- 請求人が配偶者に支払った退職金が必要経費に算入できるか争われた裁決(関裁(所)令5第36号)。
- 審判所、請求人と配偶者は別居も、請求人は配偶者に生活費として月平均で11万円以上送金していることから、配偶者は請求人と「生計を一にする親族」であったと判断。
本件は、不動産あっせん業を営む請求人が、平成29年分の所得税等について、請求人の配偶者に対して退職金を支払ったとして、必要経費に計上し申告したところ、原処分庁は、配偶者は生計を一にする親族であると認められ、退職金は必要経費に算入することができないとして更正処分等を行ったことから、請求人が原処分の全部の取消しを求めた事案である。請求人は、配偶者は長年事業に従事しつつも、請求人と配偶者の住所地は別々であり、生計を一にしていないことから、退職金は平成29年分の事業所得の計算上、必要経費に算入することができるなどと主張した。
審判所は、納税義務者と生計を一にする親族が納税義務者の営む事業に従事したことなどにより対価の支払を受ける場合には、その対価に相当する金額を納税義務者の事業所得などの金額の計算上必要経費に算入しないこととしており(所法56条)、ここにいう生計を一にするとは、同一の生活単位に属し、相助けて共同の生活を営み、ないしは日常生活の糧を共通にしていることと解され、当該規定は、同居の有無自体ではなく、生計を一にするか否かによりその適用の有無が区別されるものと解されるとした。

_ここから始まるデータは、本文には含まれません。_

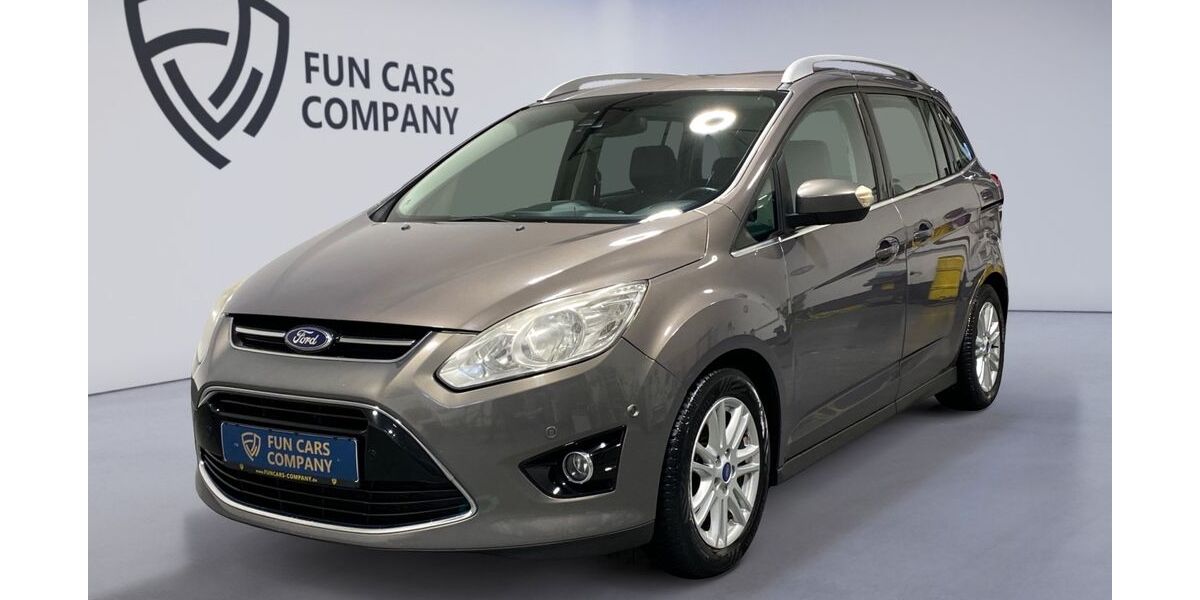 Ford Grand C-Max 225.722 km 5.850 &euro; Lauterbach 36341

その上で本件では、請求人と配偶者は別居していたとは認められるが、配偶者の平成24年分から平成29年分までの収入は公的年金のみで、配偶者は生活のための十分な資金を自ら稼得していたとはいえないと指摘。このような状況において、請求人は、配偶者に対し生活費として月額15万円程度の送金をすることを目標としつつ、平成25年から平成29年にかけて、配偶者に対し、月平均11万円から約26万8千円の送金をしていたことからすると、配偶者は請求人からの送金によって生活を維持していたというべきであるとし、配偶者は請求人と生計を一にする親族であったとの判断を示した。
なお、請求人は、子どもが入院を繰り返したため、平穏な生活を送ることができず、納税申告をする余裕はなかったなどと主張したが、真に納税者の責めに帰することのできない客観的な事情であるとは認められないとし、「正当な理由があると認められる場合」(通則法66条1項ただし書)に該当しないとされている。